■ AVAILABLE DATA ■

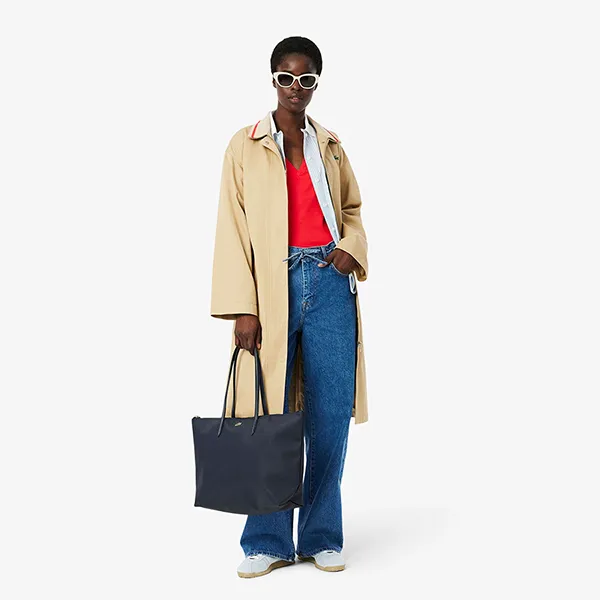Túi Tote Nữ Lacoste Women's L.12.12 Concept Zip Bag NF1888PO-141 Màu Xanh Navy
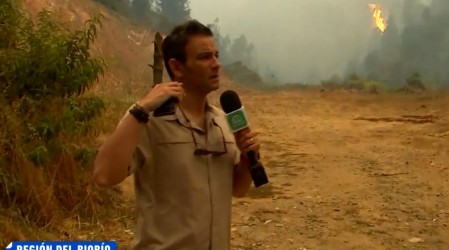 Vecinos de Tomé evacúan el sector por incendios forestales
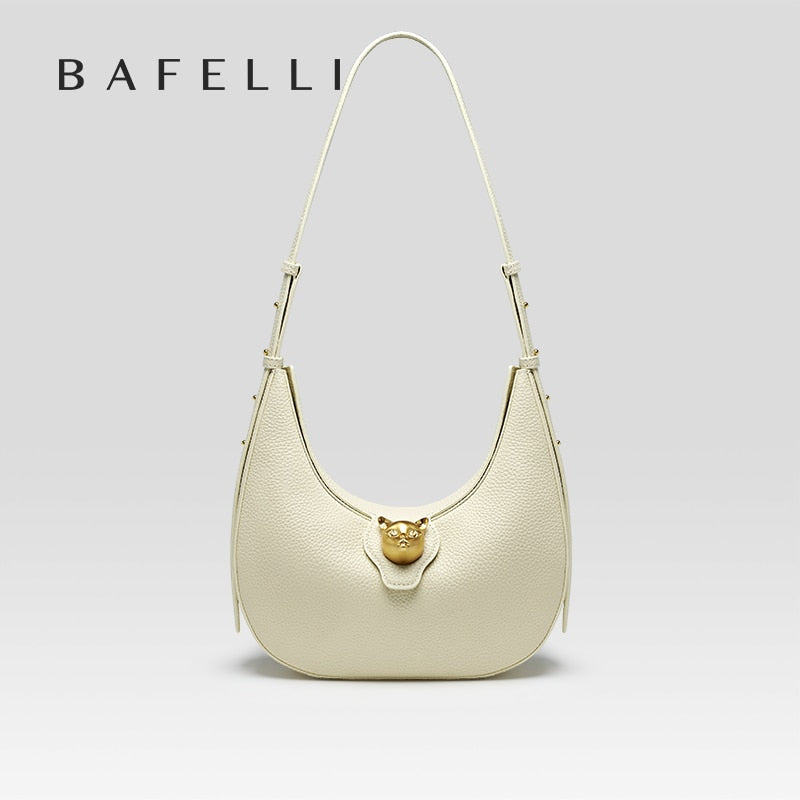 BAFELLI 2023 NEW WOMEN'S HANDBAG CAT SERIES GENUINE LEATHER LUXURY BRAND FASHION SHOULDER BAG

■ HOW TO COMPLETE THIS TASK ■
In your copy of the data above, leave out the pictures and repeat everything else exactly.

■ ANSWER TO THIS PROBLEM ■
Túi Tote Nữ Lacoste Women's L.12.12 Concept Zip Bag NF1888PO-141 Màu Xanh Navy
 Vecinos de Tomé evacúan el sector por incendios forestales
 BAFELLI 2023 NEW WOMEN'S HANDBAG CAT SERIES GENUINE LEATHER LUXURY BRAND FASHION SHOULDER BAG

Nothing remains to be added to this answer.